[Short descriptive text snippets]
☆ ☆ ☆ ☆ ☆

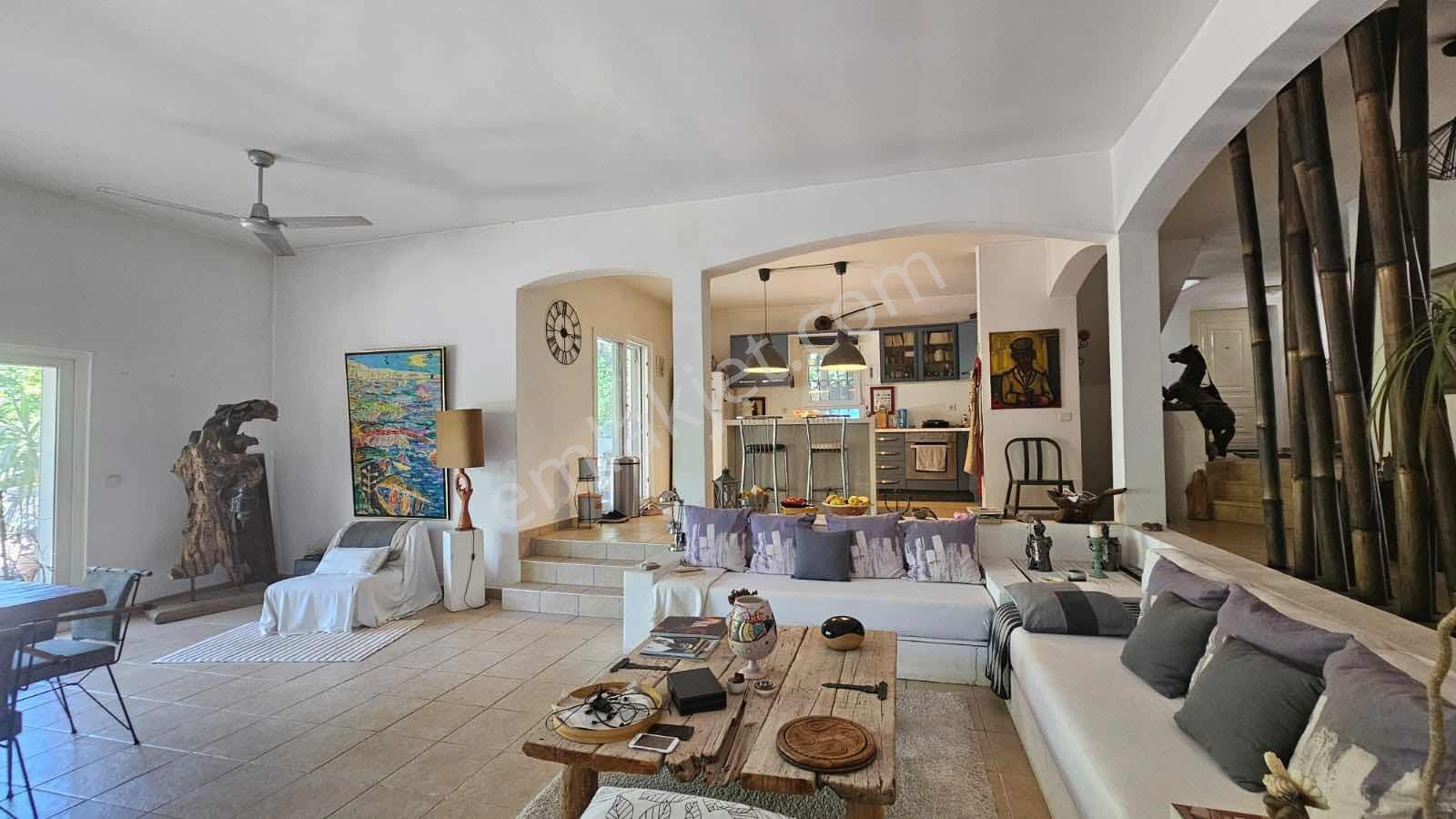 Gündoğan İle Türkbükü Sınırında, Küçükbükte Özel Bir Villa — fotoğraf 11
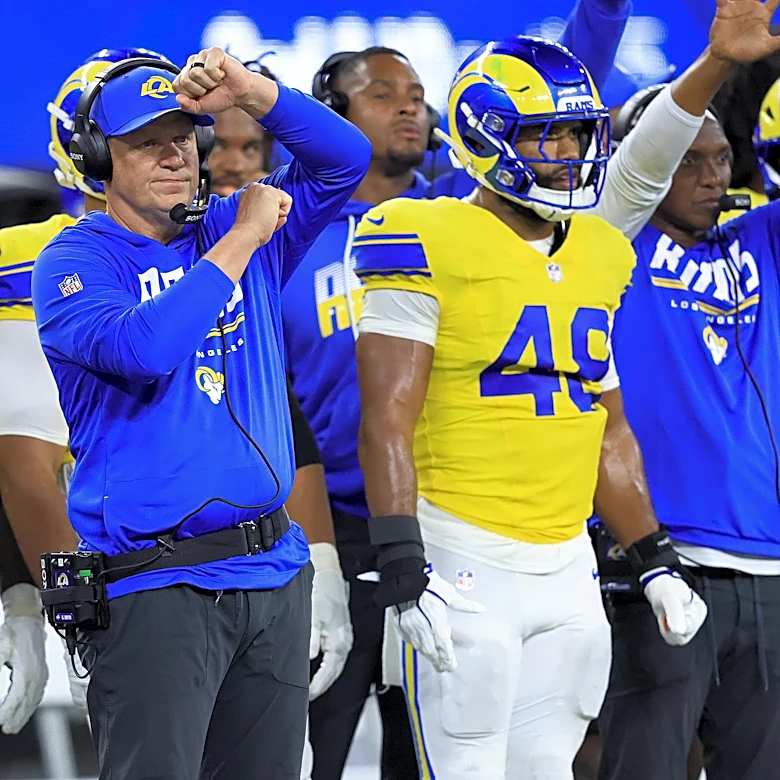 This should be a big week for the Rams defense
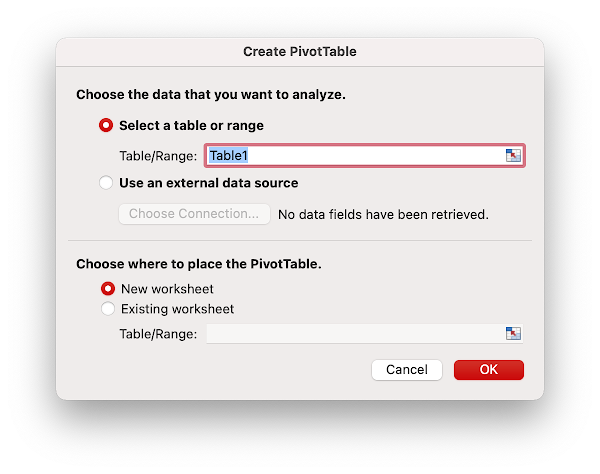 5 Menit Belajar Pivot Table Excel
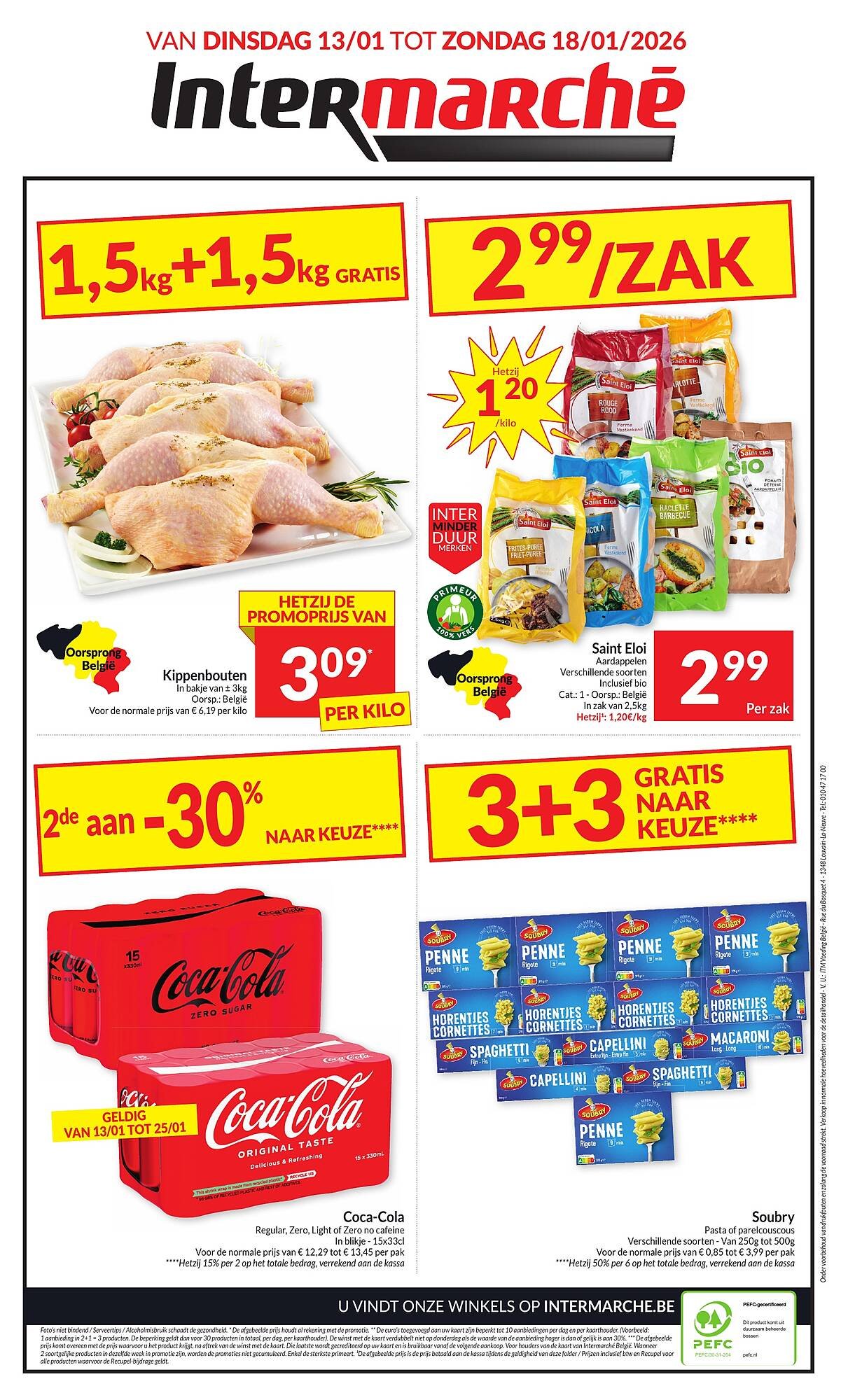 Intermarché folder (2026-01-13 - 2026-01-18)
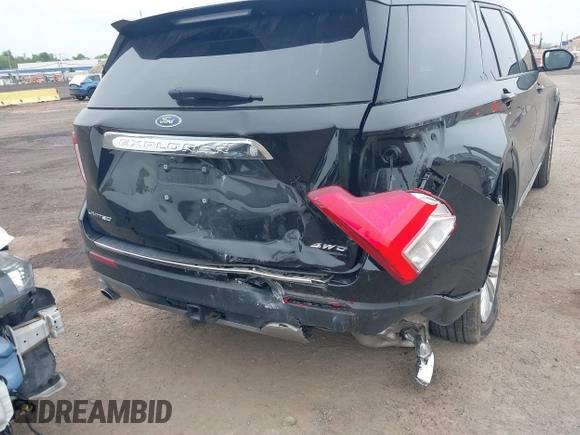 ✅ 2022 Ford Explorer Limited • VIN: 1FMSK8FH5NGA74507 • Лот: 45147097. Опубликован ранее на IAAI с пробегом 36 310 миль. Бесплатный доступ к архиву аукционных продаж из США и подробный отчёт об истории автомобиля на DreamBid. Изображение 6.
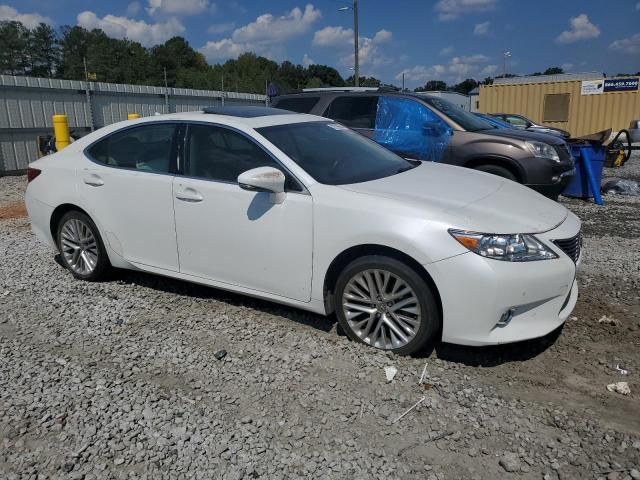 2014 Lexus ES 350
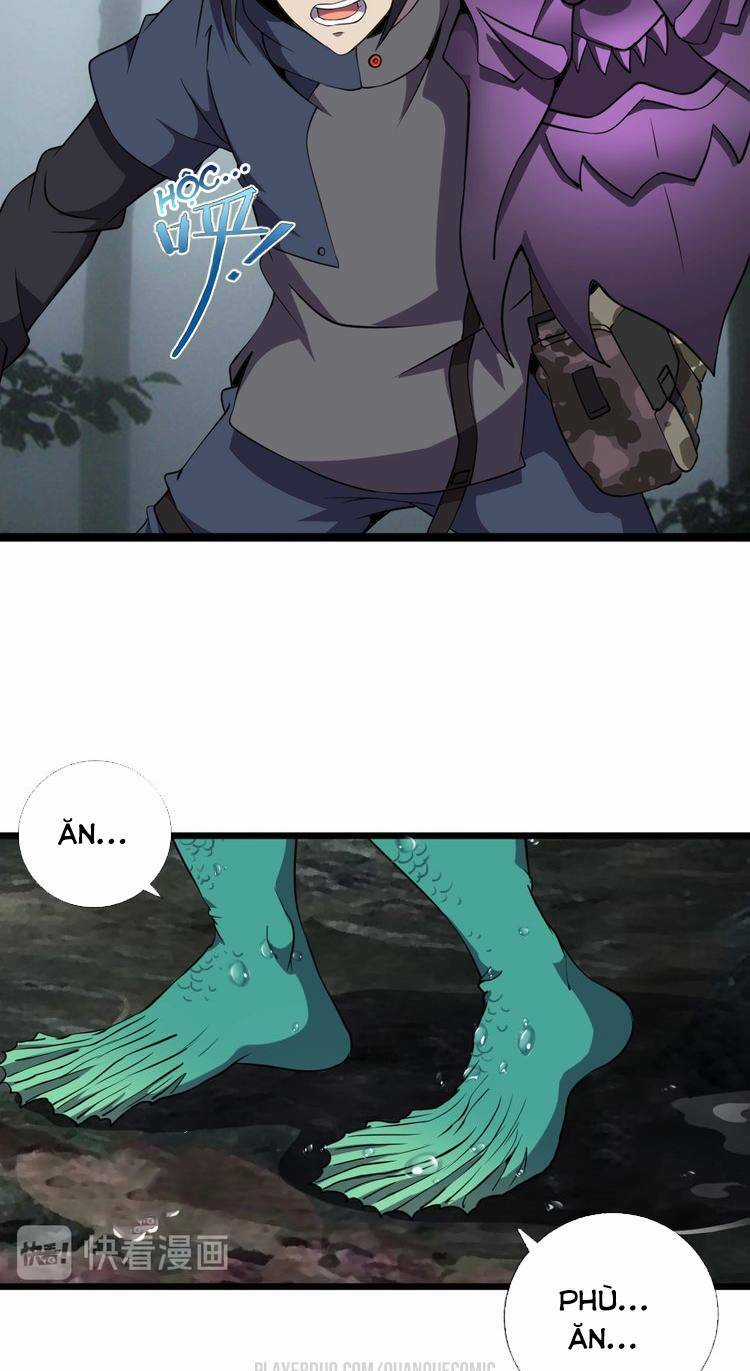 Chào Mừng Đến Thế Giới Cực Lạc Chapter 32 trang 2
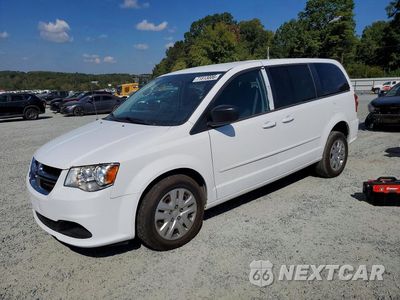 2016 DODGE GRAND CARAVAN SE 2C4RDGBG9GR218078 - główne zdjęcie licytacji z USA - miniatura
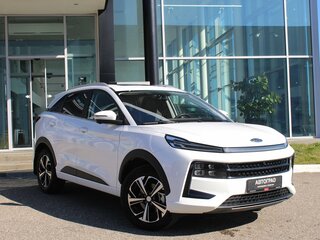 2023 JAC JS6, белый, 1890000 рублей, вид 3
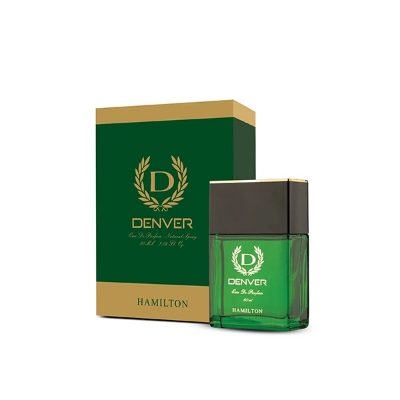 Picture of International  product Body perfume party scent Denver HAMILTON Used for male - 60 ml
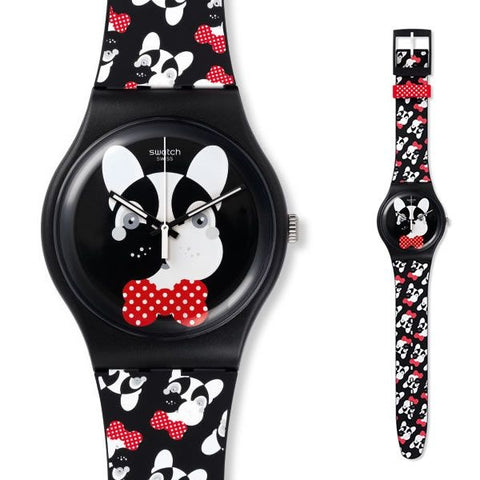 SWATCH WATCHES Mod. SUOB115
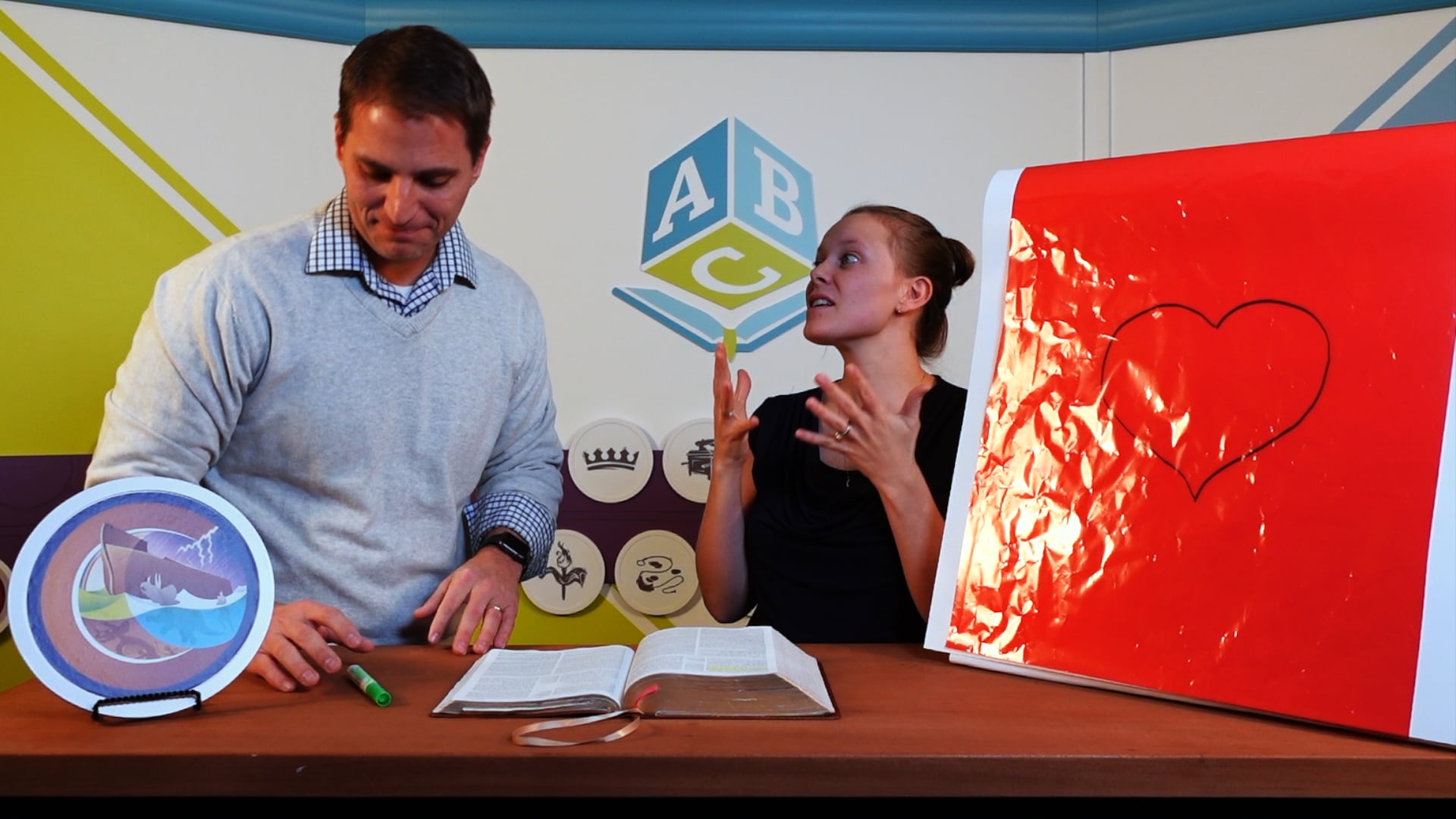 S1 Lesson 13 - God must judge sin but shows mercy to sinners.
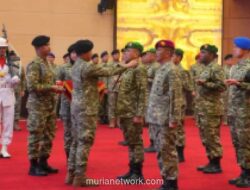 Panglima TNI Pimpin Rotasi Besar-Besaran Sejumlah Jabatan Strategis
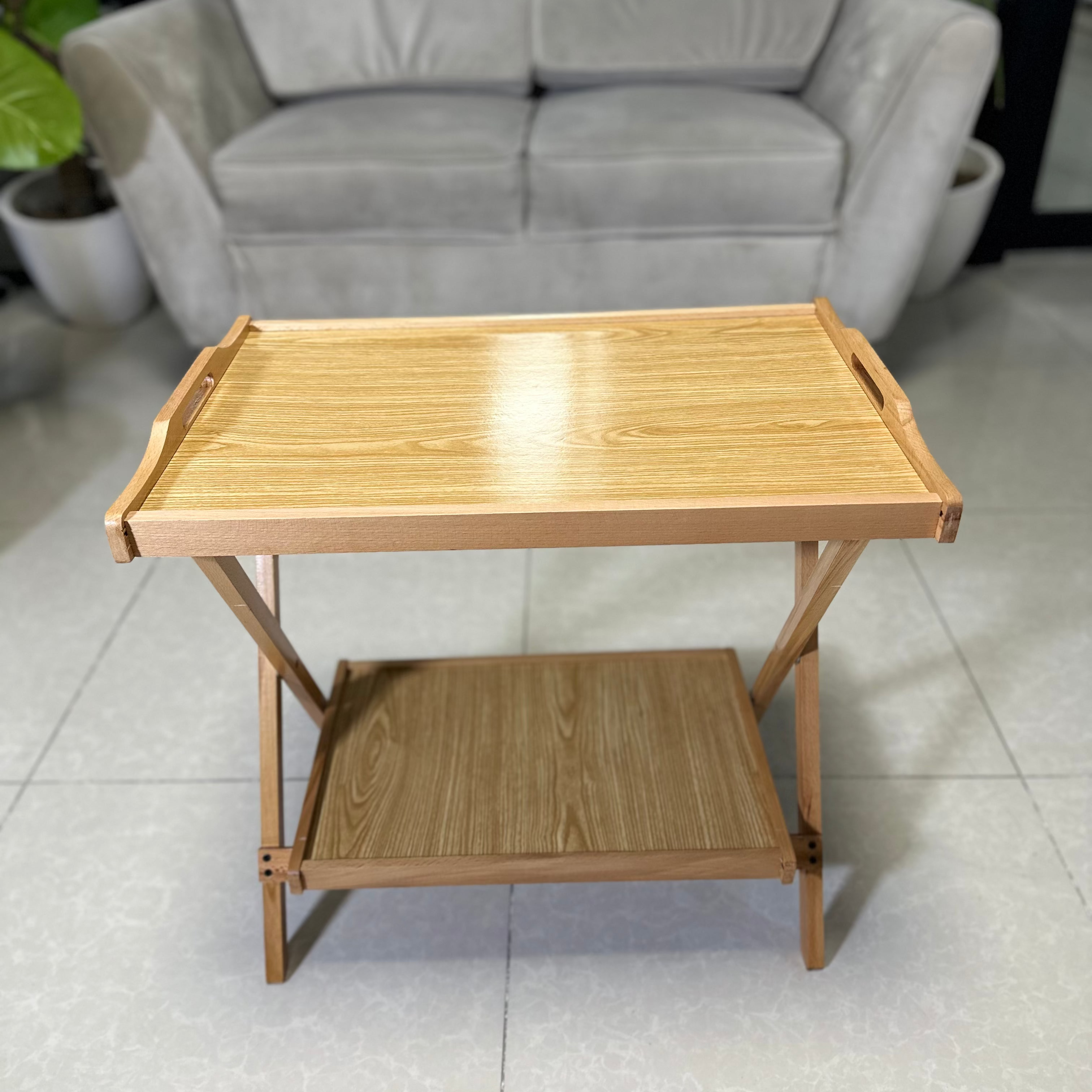 Serving Table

☆ ☆ ☆ ☆ ☆

**What you will do**
Please return only the lines from the top of the data through the line with "Intermarché folder (2026-01-13 - 2026-01-18)", exactly as written, and drop every picture.

**Final answer**
 Gündoğan İle Türkbükü Sınırında, Küçükbükte Özel Bir Villa — fotoğraf 11
 This should be a big week for the Rams defense
 5 Menit Belajar Pivot Table Excel
 Intermarché folder (2026-01-13 - 2026-01-18)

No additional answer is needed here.